BEGIN DATASET CONTENT

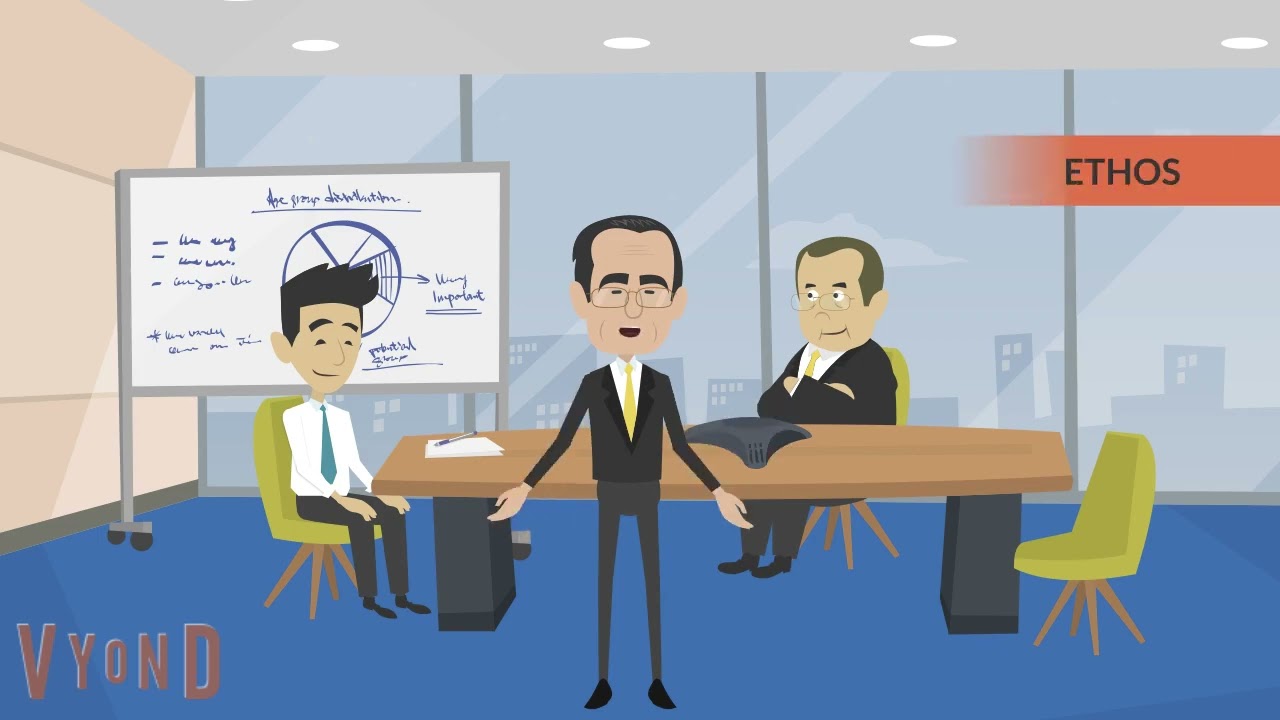 Persuasion Skills for Negotiation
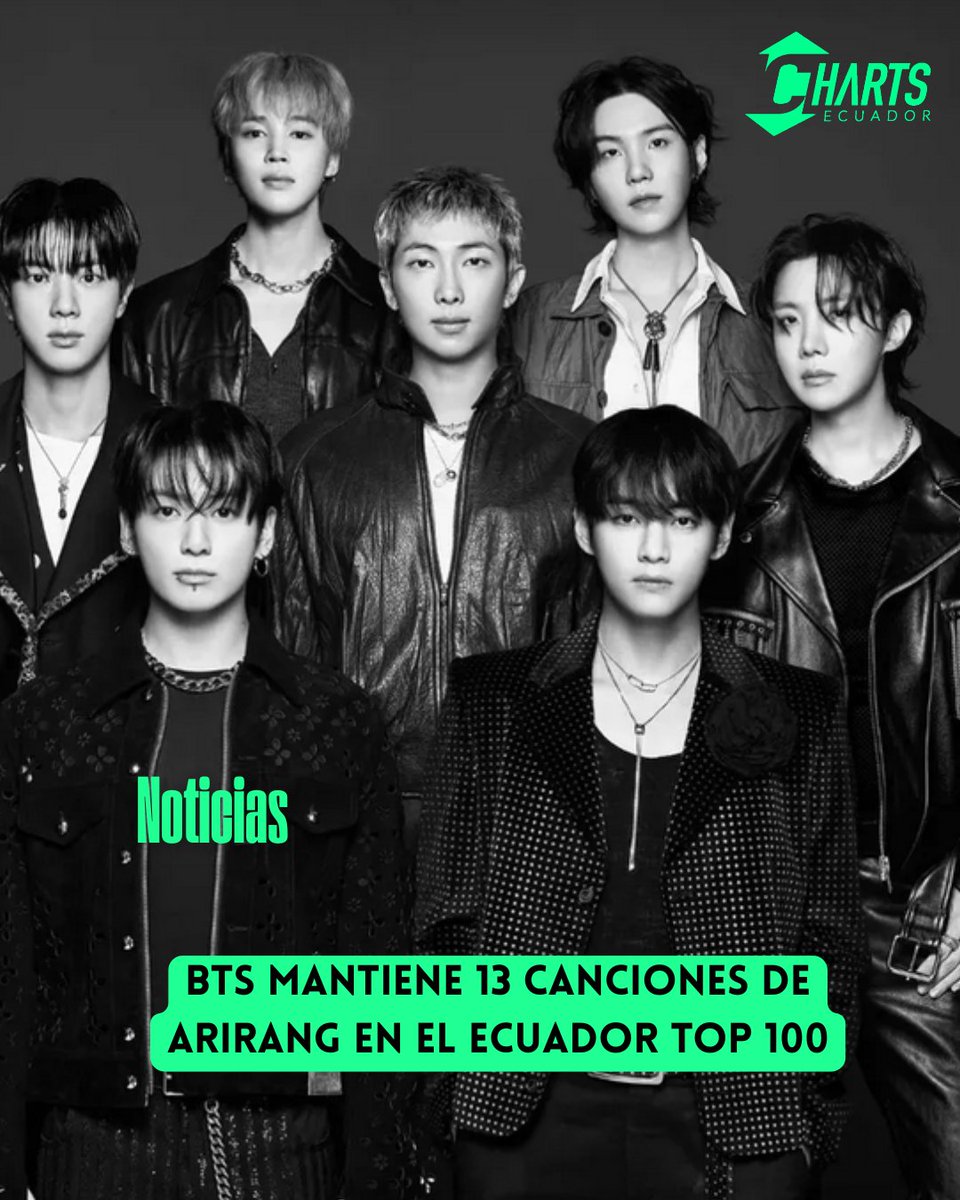 Charts Ecuador tweet media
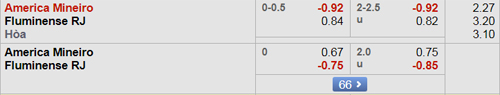 Nhận định America Mineiro vs Fluminense, 05h00 ngày 20/8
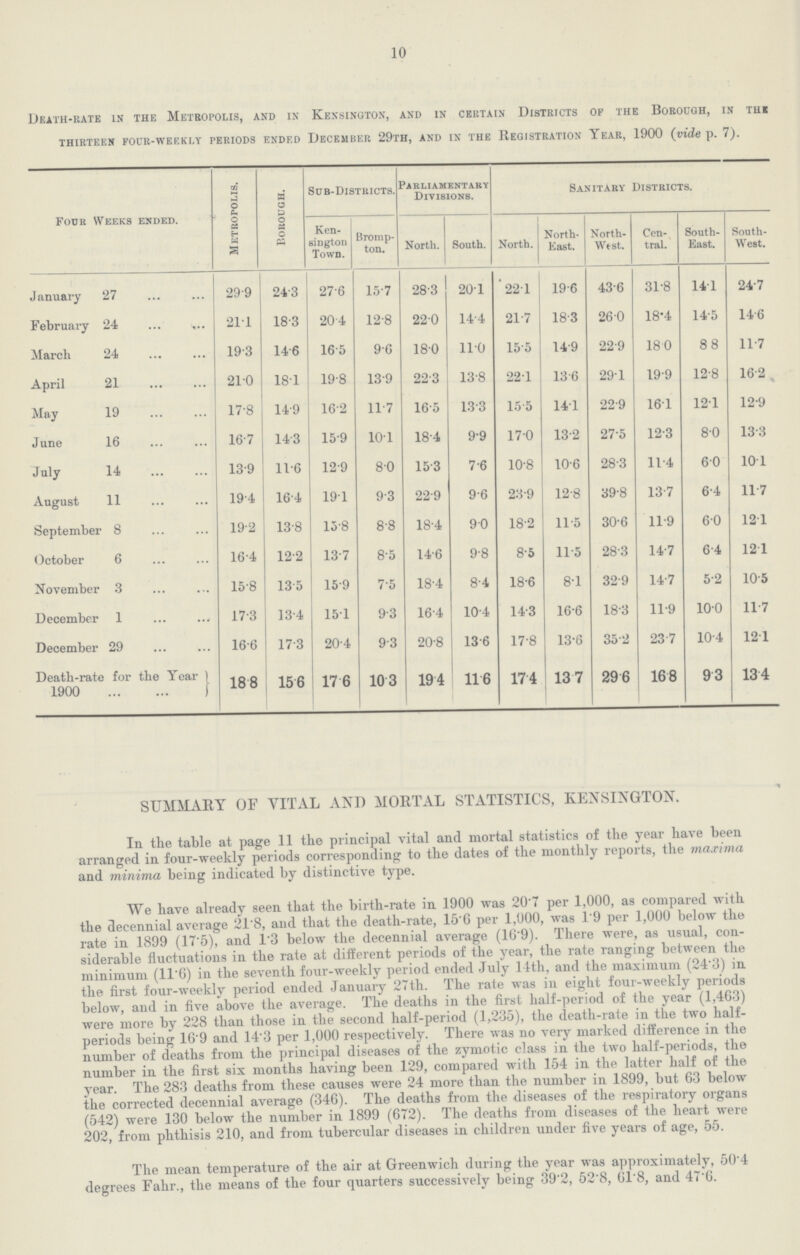 10 Death-rate in the Metropolis, and in Kensington, and in certain Districts of the Borough, in the thirteen four-weekly periods ended december 29th, and in the registration year, 1900 (vide p. 7). Four Weeks ended. Metropolis. Borough. Sub-Districts. Parliamentary Divisions. Sanitary Districts. Ken sington Town. Bromp ton. North. South. North. North East. North Wtst. Cen tral. South East. South West.[//###] January 27 29.9 24.3 27.6 15.7 28.3 201 '22.1 19.6 43.6 31.8 14.1 24.7 February 24 21.1 18.3 20.4 12.8 22.0 14.4 21.7 18.3 26.0 18.4 14.5 14.6 March 24 19.3 14.6 16.5 9.6 18.0 11.0 15.5 14.9 22.9 18.0 8.8 11.7 April 21 21.0 18.1 19.8 13.9 22.3 13.8 22.1 13.6 29.1 19.9 12.8 16.2 May 19 17.8 14.9 16.2 11.7 16.5 13.3 15.5 14.1 22.9 16.1 12.1 12.9 June 16 16.7 14.3 15.9 10.1 18.4 9.9 17.0 13.2 27.5 12.3 8.0 13.3 July 14 13.9 11.6 12.9 8.0 15.3 7.6 10.8 10.6 28.3 11.4 6.0 10.1 August 11 19.4 16.4 19.1 9.3 22.9 9.6 23.9 12.8 39.8 13.7 6.4 11.7 September 8 19.2 13.8 13.8 8.8 18.4 9.0 18.2 11.5 30.6 11.9 6.0 12.1 October 6 16.4 12.2 13.7 8.5 14.6 9.8 8.5 11.5 28.3 14.7 6.4 12.1 November 3 15.8 13.5 15.9 7.5 18.4 8.4 18.6 8.1 32.9 14.7 5.2 10.5 December 1 17.3 13.4 15.1 9.3 16.4 10.4 14.3 16.6 18.3 11.9 10.0 11.7 December 29 16.6 17.3 20.4 9.3 20.8 13.6 17.8 13.6 35.2 23.7 10.4 12.1 Death-rate for the Year ) 1900 18.8 15.6 17.6 10.3 19.4 11.6 17.4 13.7 29.6 16.8 9.3 13.4 SUMMARY OF VITAL AND MORTAL STATISTICS, KENSINGTON. In the table at page 11 the principal vital and mortal statistics of the year have been arranged in four-weekly periods corresponding to the dates of the monthly reports, the maxima and minima being indicated by distinctive type. We have already seen that the birth-rate in 1900 was 20.7 per 1,000, as compared with the decennial average 21.8, and that the death-rate, 15'6 per 1,000, was 1.9 per 1,000 below the rate in 1899 (17.5), and 1.3 below the decennial average (16'9). There were, as usual, con siderable fluctuations in the rate at different periods of the year, the rate ranging between the minimum (11.6) in the seventh four-weekly period ended July 14th, and the maximum (24.3) in the first four-weekly period ended January 27th. The rate was in eight four-weekly periods below, and in five above the average. The deaths in the first half-period of the year (1,463) were more by 228 than those in the second half-period (1,235), the death-rate in the two half periods being 16.9 and 14.3 per 1,000 respectively. There was no very marked difference in the number of deaths from the principal diseases of the zymotic class in the two half-periods, the number in the first six months having been 129, compared with 154 in the latter half of the year. The 283 deaths from these causes were 24 more than the number in 1899, but 63 below the corrected decennial average (346). The deaths from the diseases of the respiratory organs (542) were 130 below the number in 1899 (672). The deaths from diseases of the heart were 202, from phthisis 210, and from tubercular diseases in children under five years of age, 55. The mean temperature of the air at Greenwich during the year was approximately, 50.4 degrees Fahr., the means of the four quarters successively being 39.2, 52.8, 61.8, and 47.6.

END DATASET CONTENT

WORK ORDER | Go through the listing and restate each line word for word, leaving out the pictures.

TASK ANSWER |
 Persuasion Skills for Negotiation
 Charts Ecuador tweet media
 Nhận định America Mineiro vs Fluminense, 05h00 ngày 20/8
 10 Death-rate in the Metropolis, and in Kensington, and in certain Districts of the Borough, in the thirteen four-weekly periods ended december 29th, and in the registration year, 1900 (vide p. 7). Four Weeks ended. Metropolis. Borough. Sub-Districts. Parliamentary Divisions. Sanitary Districts. Ken sington Town. Bromp ton. North. South. North. North East. North Wtst. Cen tral. South East. South West.[//###] January 27 29.9 24.3 27.6 15.7 28.3 201 '22.1 19.6 43.6 31.8 14.1 24.7 February 24 21.1 18.3 20.4 12.8 22.0 14.4 21.7 18.3 26.0 18.4 14.5 14.6 March 24 19.3 14.6 16.5 9.6 18.0 11.0 15.5 14.9 22.9 18.0 8.8 11.7 April 21 21.0 18.1 19.8 13.9 22.3 13.8 22.1 13.6 29.1 19.9 12.8 16.2 May 19 17.8 14.9 16.2 11.7 16.5 13.3 15.5 14.1 22.9 16.1 12.1 12.9 June 16 16.7 14.3 15.9 10.1 18.4 9.9 17.0 13.2 27.5 12.3 8.0 13.3 July 14 13.9 11.6 12.9 8.0 15.3 7.6 10.8 10.6 28.3 11.4 6.0 10.1 August 11 19.4 16.4 19.1 9.3 22.9 9.6 23.9 12.8 39.8 13.7 6.4 11.7 September 8 19.2 13.8 13.8 8.8 18.4 9.0 18.2 11.5 30.6 11.9 6.0 12.1 October 6 16.4 12.2 13.7 8.5 14.6 9.8 8.5 11.5 28.3 14.7 6.4 12.1 November 3 15.8 13.5 15.9 7.5 18.4 8.4 18.6 8.1 32.9 14.7 5.2 10.5 December 1 17.3 13.4 15.1 9.3 16.4 10.4 14.3 16.6 18.3 11.9 10.0 11.7 December 29 16.6 17.3 20.4 9.3 20.8 13.6 17.8 13.6 35.2 23.7 10.4 12.1 Death-rate for the Year ) 1900 18.8 15.6 17.6 10.3 19.4 11.6 17.4 13.7 29.6 16.8 9.3 13.4 SUMMARY OF VITAL AND MORTAL STATISTICS, KENSINGTON. In the table at page 11 the principal vital and mortal statistics of the year have been arranged in four-weekly periods corresponding to the dates of the monthly reports, the maxima and minima being indicated by distinctive type. We have already seen that the birth-rate in 1900 was 20.7 per 1,000, as compared with the decennial average 21.8, and that the death-rate, 15'6 per 1,000, was 1.9 per 1,000 below the rate in 1899 (17.5), and 1.3 below the decennial average (16'9). There were, as usual, con siderable fluctuations in the rate at different periods of the year, the rate ranging between the minimum (11.6) in the seventh four-weekly period ended July 14th, and the maximum (24.3) in the first four-weekly period ended January 27th. The rate was in eight four-weekly periods below, and in five above the average. The deaths in the first half-period of the year (1,463) were more by 228 than those in the second half-period (1,235), the death-rate in the two half periods being 16.9 and 14.3 per 1,000 respectively. There was no very marked difference in the number of deaths from the principal diseases of the zymotic class in the two half-periods, the number in the first six months having been 129, compared with 154 in the latter half of the year. The 283 deaths from these causes were 24 more than the number in 1899, but 63 below the corrected decennial average (346). The deaths from the diseases of the respiratory organs (542) were 130 below the number in 1899 (672). The deaths from diseases of the heart were 202, from phthisis 210, and from tubercular diseases in children under five years of age, 55. The mean temperature of the air at Greenwich during the year was approximately, 50.4 degrees Fahr., the means of the four quarters successively being 39.2, 52.8, 61.8, and 47.6.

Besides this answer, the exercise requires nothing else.